Health warning labels have adorned cigarette packages since 1966, when they first appeared in the United States. And in the decades since, they have spread steadily around the world – in many instances, becoming more strongly worded, more prominently placed and more graphic over time.
According to a new study by UCSF researchers, the evolution of stricter labeling laws country by country has proceeded in fits and starts, thanks largely to efforts by the tobacco industry to block their spread around the world.

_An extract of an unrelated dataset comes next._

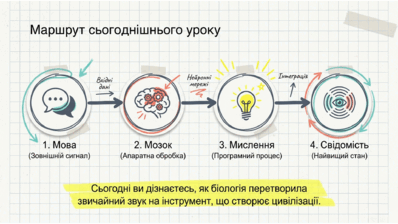 0901pkef-0409-398x224.png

Using previously secret internal tobacco company documents now housed at UCSF, the team led by Stanton A. Glantz, PhD, professor of medicine and director of the UCSF Center for Tobacco Control Research and Education, developed a chronology of this half-century battle, which is described in an article published last month in the journal Tobacco Control.
Stanton A. Glantz, PhD
Glantz and UCSF have been at the forefront of tobacco research for decades, disclosing how the tobacco industry manipulated its products and led the public into cigarette addiction. The UCSF Legacy Tobacco Documents Library, created in 2002, has more than 14 million documents on file that were released as a result of litigation against the major tobacco companies related to their advertising, manufacturing, marketing, sales, political, public relations and scientific activities.
The battle over warning labels heated up in the 1970s and 1980s after health ministers in Europe began to consider ways of enhancing them – rotating the messages; using strongly worded, simple text; placing them on the front of packs rather than the sides; and using graphic pictures of things like diseased lungs and rotten teeth that appear next to the text warnings.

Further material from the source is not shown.